Si gettò sotto un treno. Il marito accusato d'istigazione

La donna, 32enne moldava, è morta nel 2021 dopo essersi lanciata sotto un treno. Il marito, accusato di istigazione al suicidio, rischia fino a 24 anni di carcere. Da chiarire l'ipotesi dei maltrattamenti subiti dalla vittima

Si gettò sotto un treno. Il marito accusato d'istigazione

Rischia fino a 24 anni di carcere il marito della 32enne moldava che, il 27 giugno del 2021, si era gettata sotto un treno alla stazione ferroviaria di Mestre. Stando a quanto scrive il giornalista Alberto Zorzi sul Corriere.it, le indagini sul suicidio avrebbero fatto emergere uno scenario ben più drammatico e complesso rispetto all'ipotesi di un gesto volontario avulso da altre circostanze. E ora l'uomo, anche lui di nazionalità moldava, finirà a processo davanti alla Corte di Cassazione con l'accusa d'istigazione. Secondo il pm Giorgio Gava, che ha firmato il capo d'imputazione, la donna "è precipitata in uno stato di profonda depressione" per via dei presunti maltrattamenti che avrebbe subito dal marito.

Le accuse nei confronti del marito

Tutto ruota attorno all'ipotesi di una relazione burrascosa tra la 32enne e il marito. Come detto, il pubblico ministero del tribunale di Venezia non esclude una correlazione tra il suicidio della donna e le presunte violenze domestiche. Diversa è, invece, la versione dell'avvocato Leonardo De Luca, legale dell'imputato, che intende dimostrare l'infodatezza dell'accusa ritenendo che non vi siano mai stati maltrattamenti in famiglia.

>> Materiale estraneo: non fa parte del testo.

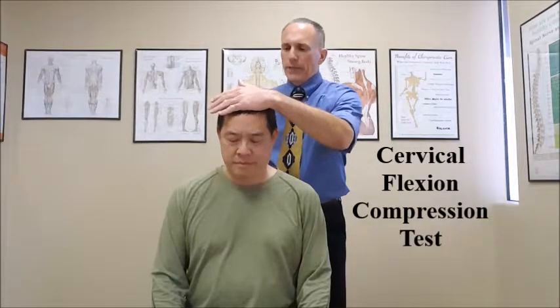The patient is either seated or standing. We want to stand directly behind the patient, have them in good posture, and we are going to passively flex the cervical spine.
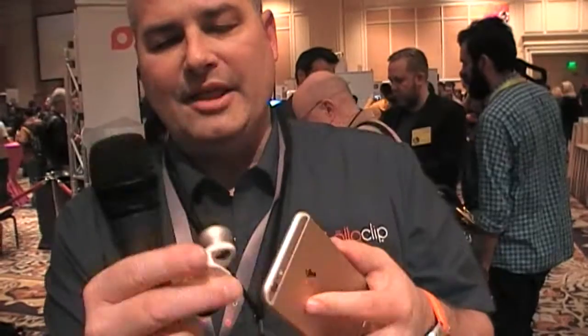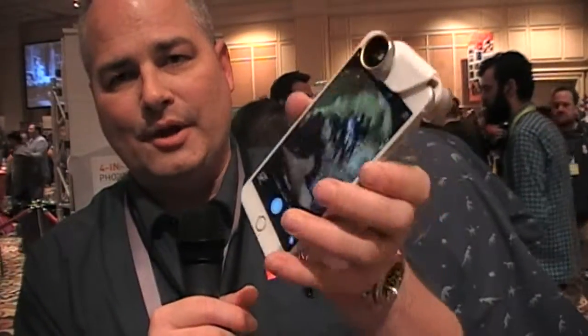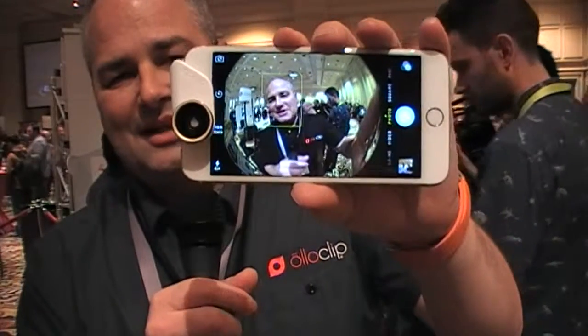It just slides onto the edge of your device and you'll have fisheye. If you just take it off and flip it over, you get wide-angle, and then you can also get macro. With the fisheye, you get a really crazy 180-degree view, so you can get really interesting, creative options in your pocket.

Al tempo delle prime indagini, la polizia giudiziaria aveva sentito le sorelle delle vittima, le quali avevano raccontato di radicate ostilità coniugali.

La videochiamata alla figlia

Secondo l'accusa le violenze perpetravano da anni, ancora prima che la coppia giungesse in Italia dalla Moldavia. Nell'atto di imputazione il pm sottolinea che la 32enne "riceveva pugni e calci anche al volto con frequenza quasi quotidiana" dal lontano 2010, quando lei e il marito vivevano nel Paese d'origine. C'è di più: prima di togliersi la vita, la donna avrebbe fatto una videochiamata alla figlia in cui preannunciava l'intenzione di farla finita. E poi c'è una lettera d'addio scritta dalla vittima e rinvenuta in casa della stessa in cui, però, mancano riferimenti a eventuali maltrattamenti.

La difesa

In fase di dibattimento è molto probabile che l'avvocato De Luca punterà a dimostrare l'estraneità ai fatti del suo assitito ritenendo che la testimonianza della figlia sia di terzo grado. In buona sostanza, la ragazza non aveva raccontato l'episodio della videochiamata direttamente agli inquirenti ma alla zia. E poi c'è la questione della lettera: secondo il legale non rappresenta un elemento di prova ma, al contrario, confuterebbe l'ipotesi delle violenze domestiche. Da ultimo, la 32enne non avrebbe mai denunciato episodi di maltrattamenti domestici né ci sarebbero referti medici che comproverebbero eventuali violenze. Fatto sta che ora l'uomo rischia 24 anni di carcere.

Come ben ricorda il giornalista del Corriere, Il terzo comma dell’articolo 572 del codice penale, che disciplina i maltrattamenti in famiglia, prevede "un aggravamento della pena se da questi fatti derivino lesioni o la morte della persona".